What you need to do | If a record holds a picture, omit the picture, but copy everything else below exactly.

*** Data for review Section Begins ***

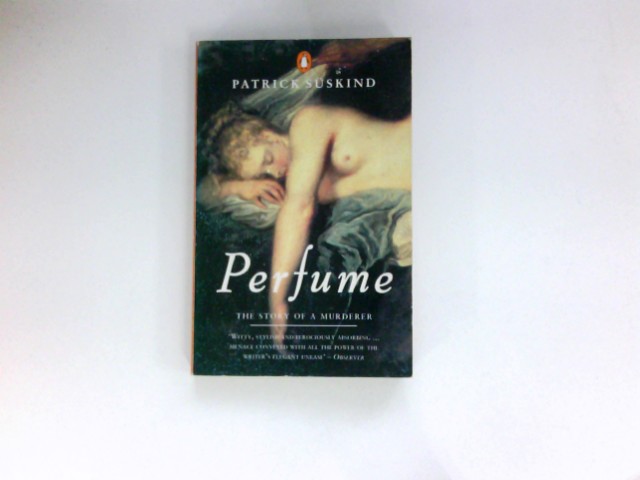 Perfume : The Story of a Murderer. - Süskind, Patrick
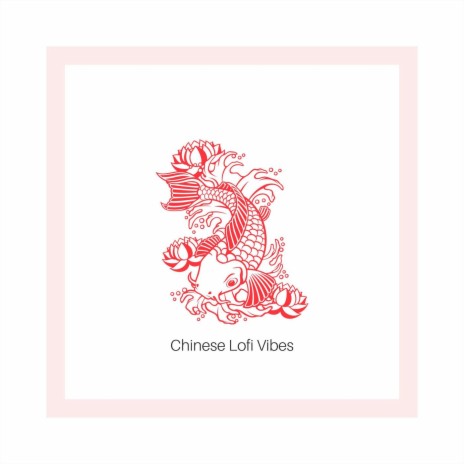 Chinese Lofi Vibes
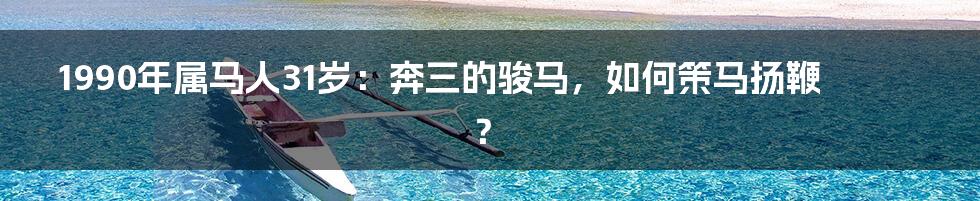 1990年属马人31岁:奔三的骏马,如何策马扬鞭?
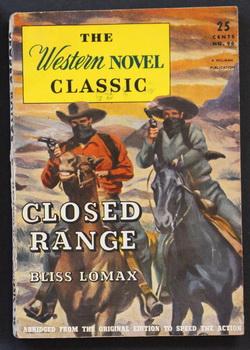 THE WESTERN NOVEL CLASSIC. ( 1946; #96 ; -- Pulp Digest Magazine ) - CLOSED RANGE By Bliss Lomax;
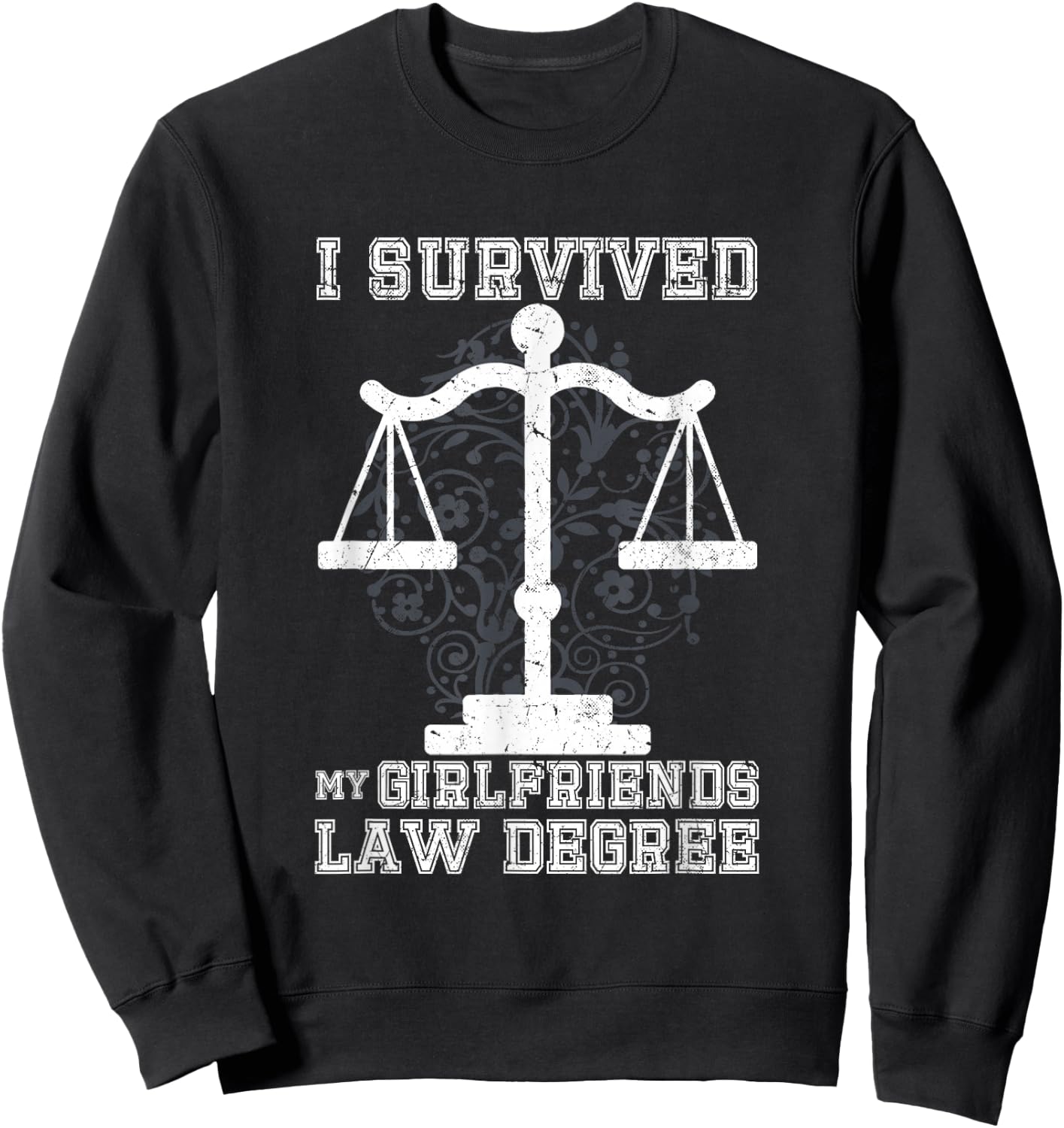 I survived my Girlfriends Law Degree | Law Student Sweatshirt - Sweatshirt | Black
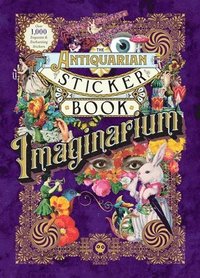bokomslag The Antiquarian Sticker Book: Imaginarium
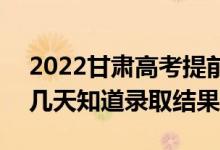 2022甘肅高考提前批錄取結(jié)果什么時(shí)候出（幾天知道錄取結(jié)果）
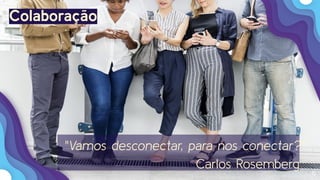 15
Colaboração
"Vamos desconectar, para nos conectar?"
Carlos Rosemberg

*** Data for review Section Ends ***

Response to this task |
 Perfume : The Story of a Murderer. - Süskind, Patrick
 Chinese Lofi Vibes
 1990年属马人31岁:奔三的骏马,如何策马扬鞭?
 THE WESTERN NOVEL CLASSIC. ( 1946; #96 ; -- Pulp Digest Magazine ) - CLOSED RANGE By Bliss Lomax;
 I survived my Girlfriends Law Degree | Law Student Sweatshirt - Sweatshirt | Black
bokomslag The Antiquarian Sticker Book: Imaginarium
 2022甘肅高考提前批錄取結(jié)果什么時(shí)候出（幾天知道錄取結(jié)果）
 15
Colaboração
"Vamos desconectar, para nos conectar?"
Carlos Rosemberg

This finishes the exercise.